DATA EXCERPTS:
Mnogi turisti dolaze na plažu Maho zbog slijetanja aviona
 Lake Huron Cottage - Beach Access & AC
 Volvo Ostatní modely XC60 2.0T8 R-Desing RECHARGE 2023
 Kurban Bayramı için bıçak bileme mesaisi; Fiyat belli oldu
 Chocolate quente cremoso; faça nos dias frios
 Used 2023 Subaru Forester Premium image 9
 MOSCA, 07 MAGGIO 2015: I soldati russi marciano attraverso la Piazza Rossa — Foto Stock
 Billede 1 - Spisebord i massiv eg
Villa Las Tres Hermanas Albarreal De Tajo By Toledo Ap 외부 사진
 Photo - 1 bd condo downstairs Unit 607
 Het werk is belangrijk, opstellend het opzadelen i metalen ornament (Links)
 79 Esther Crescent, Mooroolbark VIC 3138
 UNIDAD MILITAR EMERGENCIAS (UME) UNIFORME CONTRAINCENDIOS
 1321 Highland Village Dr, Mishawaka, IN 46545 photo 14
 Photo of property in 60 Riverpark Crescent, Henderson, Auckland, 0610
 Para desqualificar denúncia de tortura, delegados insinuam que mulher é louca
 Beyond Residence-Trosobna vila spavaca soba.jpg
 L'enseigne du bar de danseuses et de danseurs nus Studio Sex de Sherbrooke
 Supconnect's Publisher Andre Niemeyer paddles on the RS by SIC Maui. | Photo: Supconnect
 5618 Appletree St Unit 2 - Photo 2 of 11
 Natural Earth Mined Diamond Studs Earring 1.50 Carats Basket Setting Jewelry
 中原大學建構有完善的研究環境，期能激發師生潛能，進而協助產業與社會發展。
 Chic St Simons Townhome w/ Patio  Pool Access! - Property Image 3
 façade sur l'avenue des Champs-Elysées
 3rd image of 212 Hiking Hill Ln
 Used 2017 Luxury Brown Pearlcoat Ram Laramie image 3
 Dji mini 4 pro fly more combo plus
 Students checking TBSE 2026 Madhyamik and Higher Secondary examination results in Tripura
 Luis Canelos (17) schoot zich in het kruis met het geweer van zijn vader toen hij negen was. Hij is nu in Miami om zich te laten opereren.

EXERCISE DETAILS: Every line from the one with "Para desqualificar denúncia" to the end of the records above should be returned exactly, and no other lines.

THE ANSWER:
 Para desqualificar denúncia de tortura, delegados insinuam que mulher é louca
 Beyond Residence-Trosobna vila spavaca soba.jpg
 L'enseigne du bar de danseuses et de danseurs nus Studio Sex de Sherbrooke
 Supconnect's Publisher Andre Niemeyer paddles on the RS by SIC Maui. | Photo: Supconnect
 5618 Appletree St Unit 2 - Photo 2 of 11
 Natural Earth Mined Diamond Studs Earring 1.50 Carats Basket Setting Jewelry
 中原大學建構有完善的研究環境，期能激發師生潛能，進而協助產業與社會發展。
 Chic St Simons Townhome w/ Patio  Pool Access! - Property Image 3
 façade sur l'avenue des Champs-Elysées
 3rd image of 212 Hiking Hill Ln
 Used 2017 Luxury Brown Pearlcoat Ram Laramie image 3
 Dji mini 4 pro fly more combo plus
 Students checking TBSE 2026 Madhyamik and Higher Secondary examination results in Tripura
 Luis Canelos (17) schoot zich in het kruis met het geweer van zijn vader toen hij negen was. Hij is nu in Miami om zich te laten opereren.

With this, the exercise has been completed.